In the face of the pandemic, the aircraft carrier and its large flotilla are not even vaguely relevant
Given the foray into Russia’s claimed waters off the coast of Crimea, the strike group will certainly want to show off its power to the Chinese before eventually returning to the UK early next year. The result should be extremely useful for the war-promoting hydra that makes up the world’s military-industrial complexes, with the Chinese and Russian members benefiting just as much as their Western counterparts.

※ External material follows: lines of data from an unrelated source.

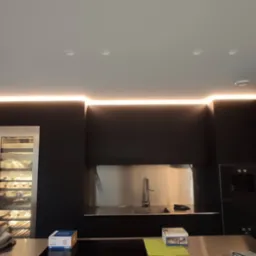 Nowoczesna kuchnia z czarnymi szafkami, oświetleniem LED podszafkowym i sufitowym, oraz wbudowaną chłodziarką na wino. Widoczny fragment blatu z pudełkami.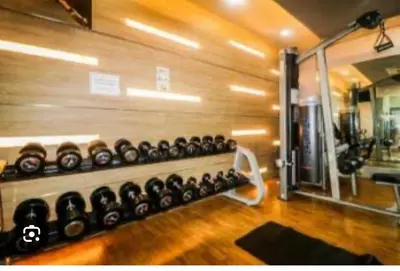 a gym with a bunch of dumbbells on a wall at one palm tree villas &two palm tree villas in Manila
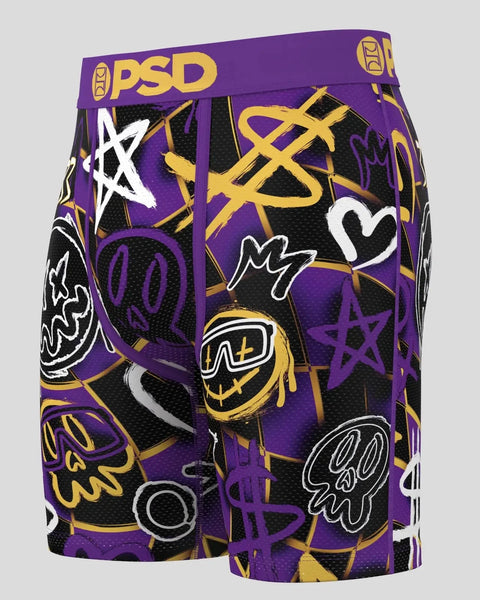 Purple and black boxer briefs with yellow, white, and purple graffiti-style graphics and PSD waistband.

Meanwhile, away from this cartoonish swordplay and back in the real world, COVID-19 continues to wreak havoc. It has already killed as many as ten million people and left many millions more with the debilitating illness, long COVID. As outlined in last week’s column, the potent new variants evolving around the world are the greatest threat facing humanity, yet the plan to achieve worldwide vaccination by the end of next year is far too slow to avoid catastrophe. In the face of the pandemic, which the UN has deemed the worst global challenge since the Second World War, the aircraft carrier and its large flotilla are not even vaguely relevant.
Within the coming weeks, the group will be transiting the Strait of Malacca between Malaysia and Indonesia en route to the South China Sea to show Beijing just who’s who in the world. The supreme irony of this is that, for all its impressive military power, the strike group can do little for Indonesia as it faces the worst surge in COVID-19 in South-east Asia, with cases exceeding two million this week following travel during the Eid al-Fitr holiday period and the spread of the Delta variant.
So, here we are, with the magnificent HMS Queen Elizabeth and its flotilla, shiny symbol of a revitalised Royal Navy (with American help) and proof positive of a ‘re-Great’ Britain. The group is happily ambling around the world, doing a spot of provoking here and a bit of bombing there, while passing the African continent, which is in the midst of an escalating pandemic disaster that is heading towards a calamity on the same scale as India, and Indonesia, which is wrestling to contain a new surge.
It is difficult to imagine a more striking example of the futility of our approach to security, but it is also an even deeper reflection of unreality. For any hope of the human race’s survival, the lesson that must be learnt, first through COVID-19 and even more so with climate breakdown, is that war is increasingly irrelevant. Instead, it should be shelved as an obsolete practice in an era of common global threats that can only be met by cooperative action – and certainly not by warships.